In his review of the hypothesized superintelligent agent, Bill Hibbard, principal author of the Vis5D, Cave5D and VisAD open source visualization systems, proposes a mathematical framework for reasoning about AI agents, discusses sources and risks of unexpected AI behavior, and presents an approach for designing superintelligent systems which may avoid unintended existential risk.
Following his initial description of the AI-environment framework, Hibbard begins by noting that a superintelligent agent may fail to satisfy the intentions of its designer when pursuing an instrumental behavior implicit to its final utility function. This said instrumental behavior, while unintended, could occur in order for the AI to preserve its own existence, to eliminate threats to itself and its utility function, or to increase its own efficiency and computing resources (see: Nick Bostrom’s paperclip maximizer).
Hibbard notes that several approaches to human-safe AI suggest designing intelligent machines to share human values so that actions we dislike, such as taking resources from humans, violate the AI’s motivations. However, humans are often unable to accurately write down their own values, and errors in doing so may motivate harmful instrumental AI action. Statistical algorithms may be able to learn human values by analyzing large amounts of human interaction data, but to accurately learn human values will require powerful learning ability. A chicken-and-egg problem for safe AI follows: learning human values requires powerful AI, but safe AI requires knowledge of human values.
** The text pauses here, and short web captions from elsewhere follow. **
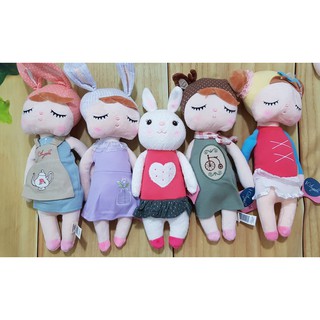 Thỏ Bông Mẫu Mới dài 44Cm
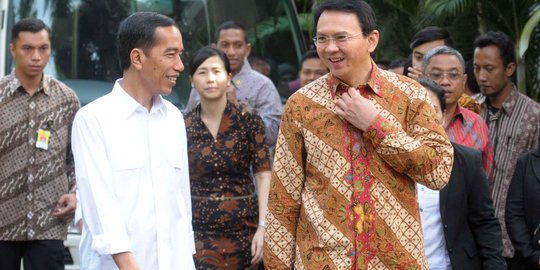 Tak tunggu PDIP, Ahok deklarasi cagub usai Jokowi reshuffle kabinet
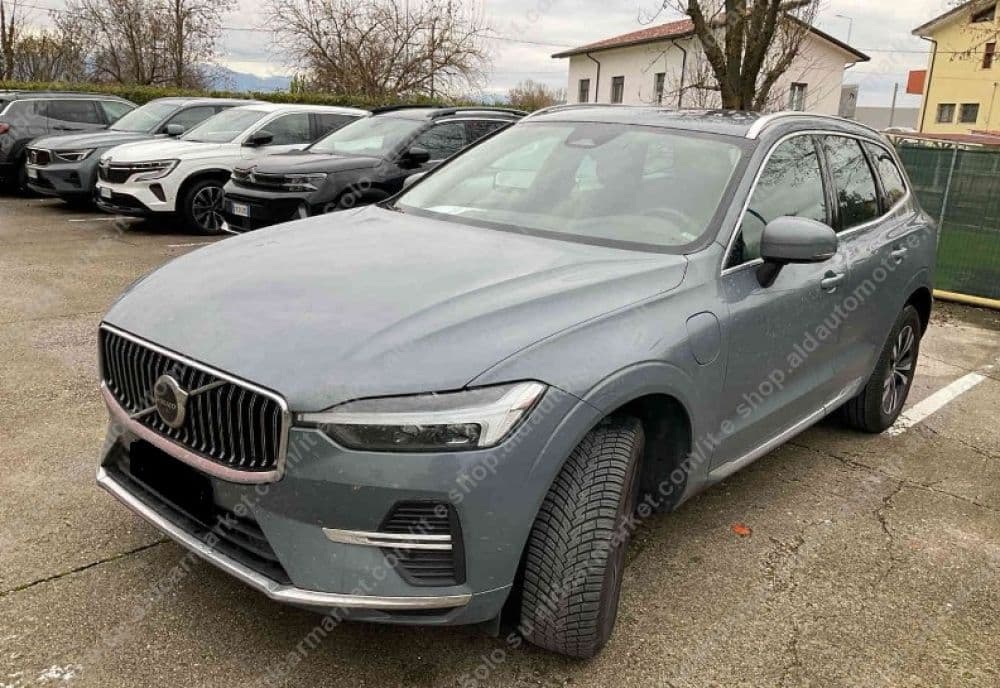 Volvo XC60 T6 AWD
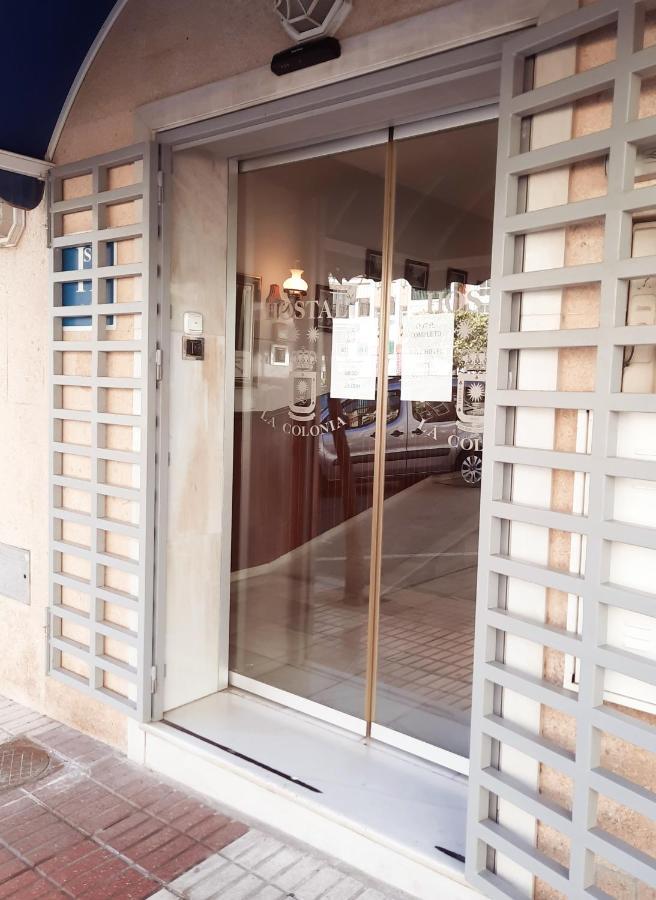 Hostal La Colonia Marbella Exterior foto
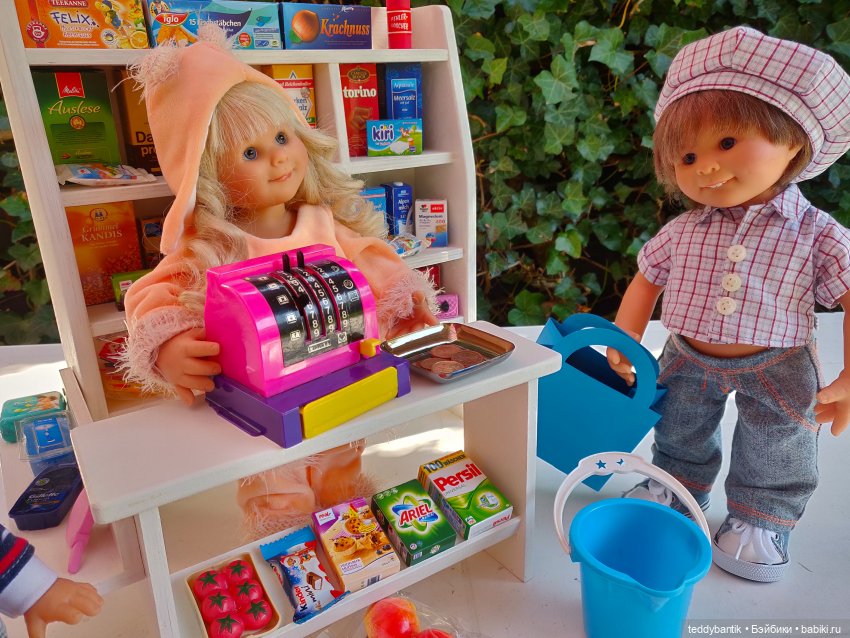 Как мои вихтелята от Роземари Мюллер праздновать собирались (фото 4)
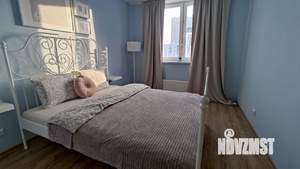 1-к квартира, посуточно, 39м2, 1/1 этаж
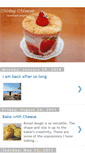Mobile Screenshot of meltingmoments-homemadedelights.blogspot.com
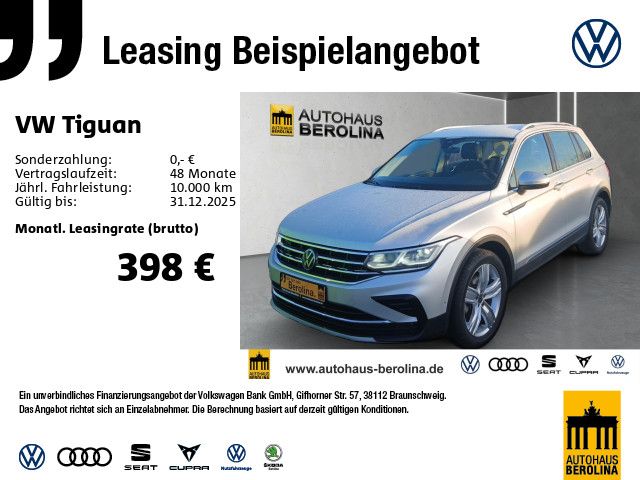 Volkswagen Tiguan 2023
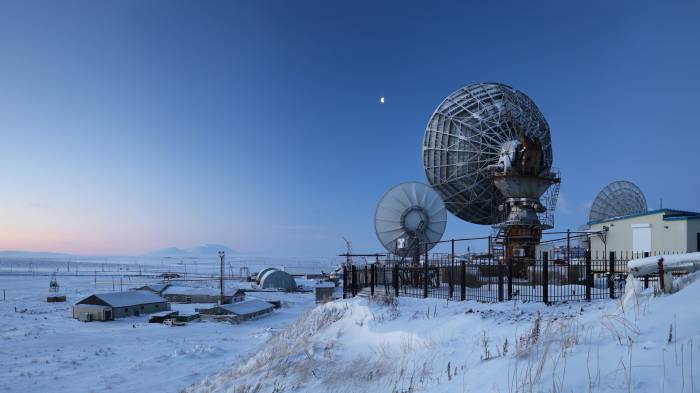 NATO plans to develop satellite network for Arctic defense 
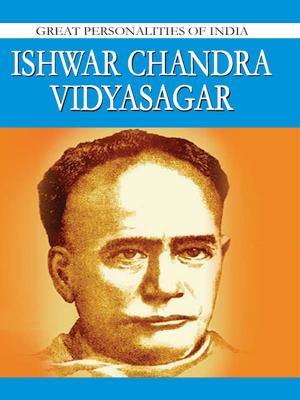 Cover of the book Ishwarchandra Vidyasagar by Dr. Bhojraj Dwivedi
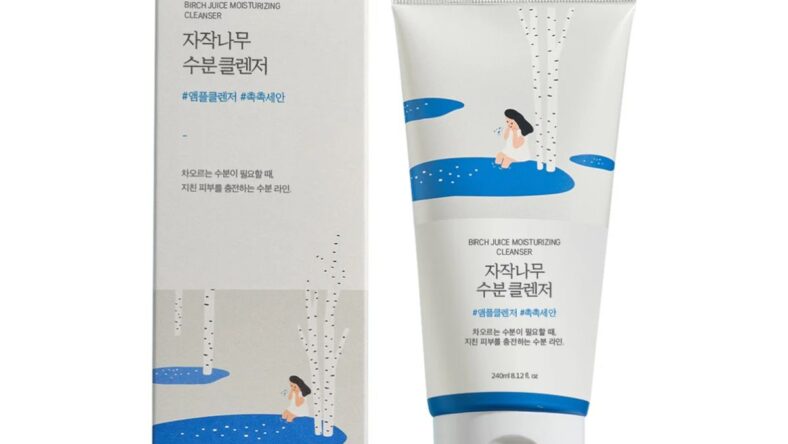 Round Lab Birch Face Wash Costco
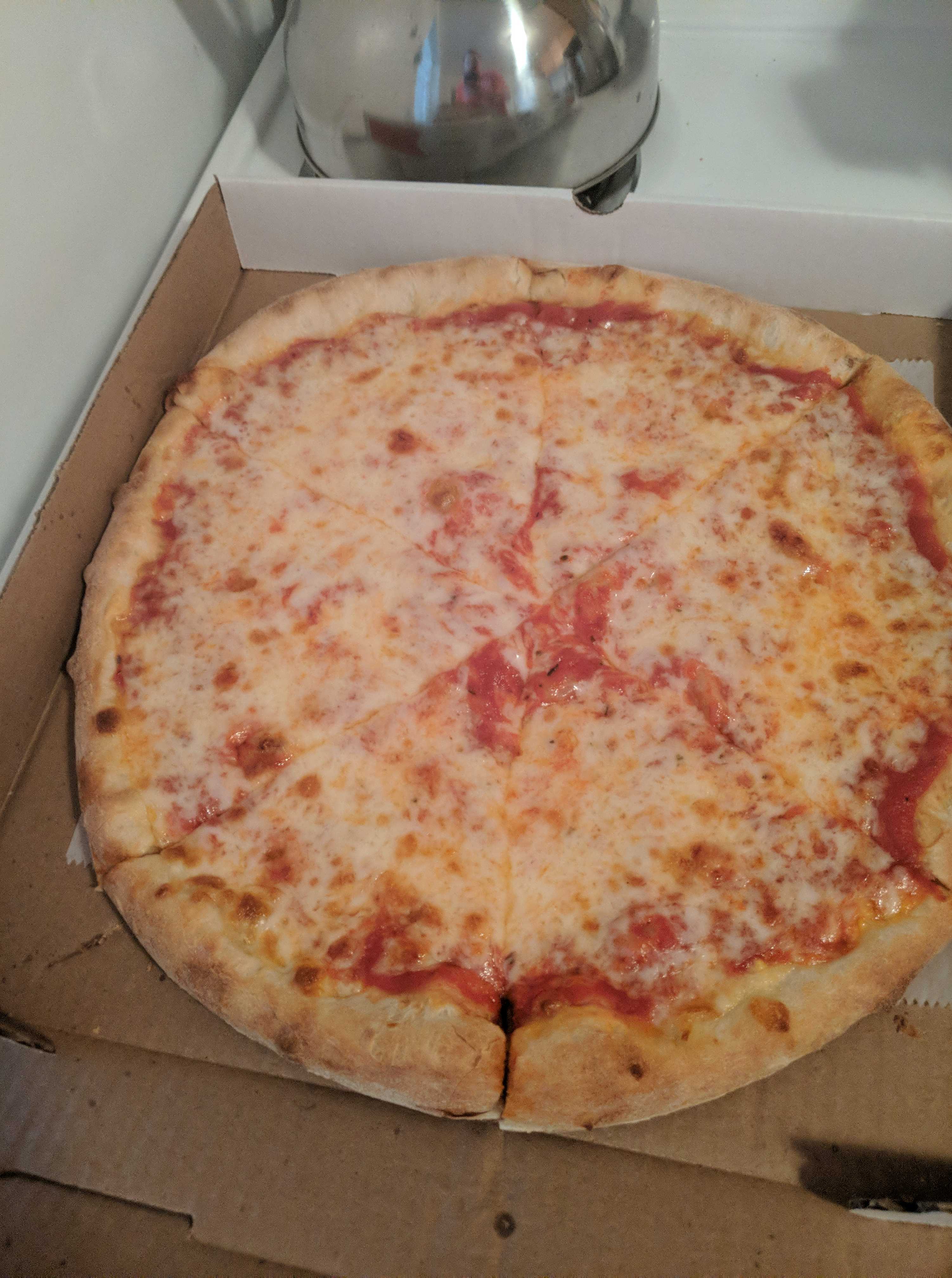 Pizza Review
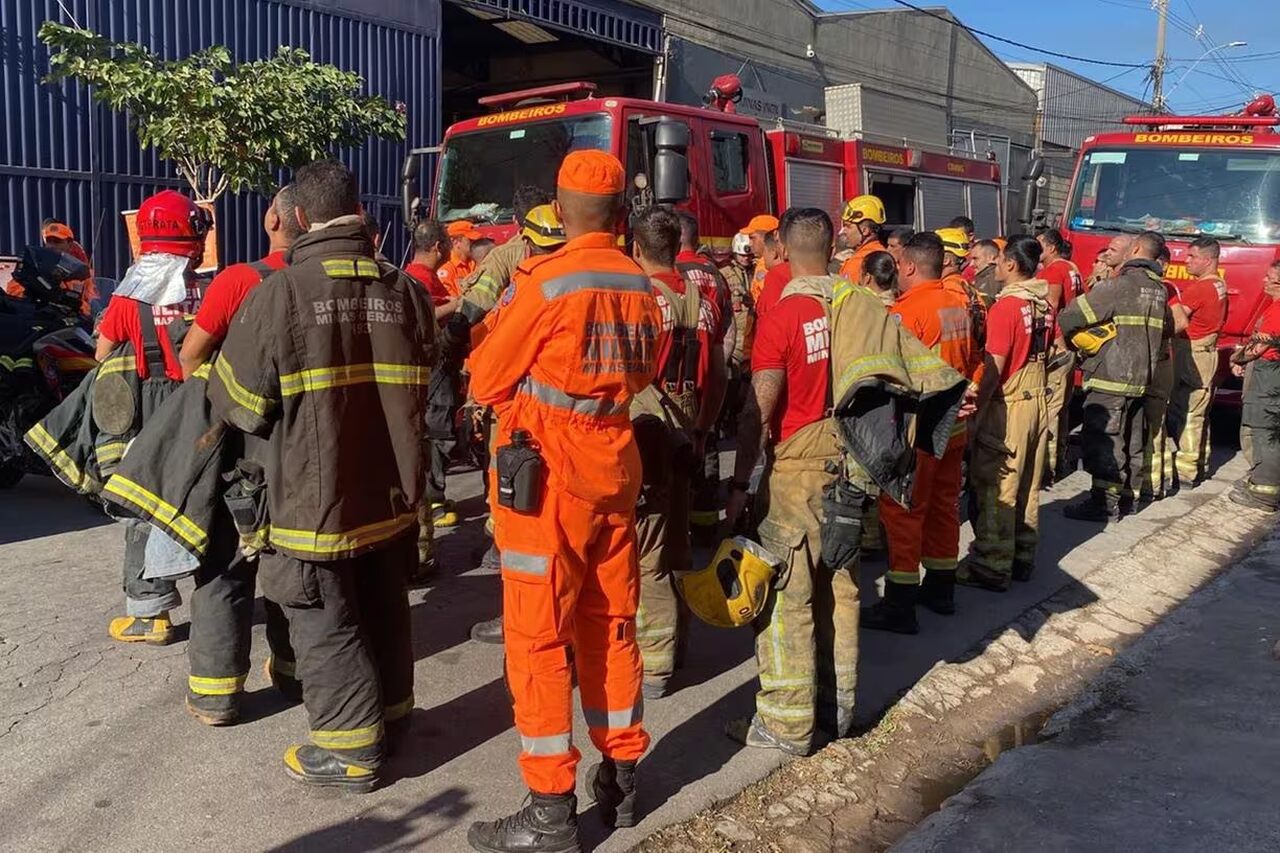 Maioria das empresas da região metropolitana de Belo Horizonte carecem de medidas contra incêndios, aponta análise dos bombeiros de MG - Revista Incêndio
Hibbard proposes a solution to this problem through a “first stage” superintelligent agent that is explicitly not allowed to act within the learning environment (thus refraining from unintended actions). The learning environment includes a set of safe, human-level surrogate AI agents, independent of the superintelligent agent, whose actions in composite mirror those of the superintelligent AI. As such, the superintelligent agent can observe humans, as well as their interactions with the surrogates and physical objects, and develop a safe environmental model from which it learns human values.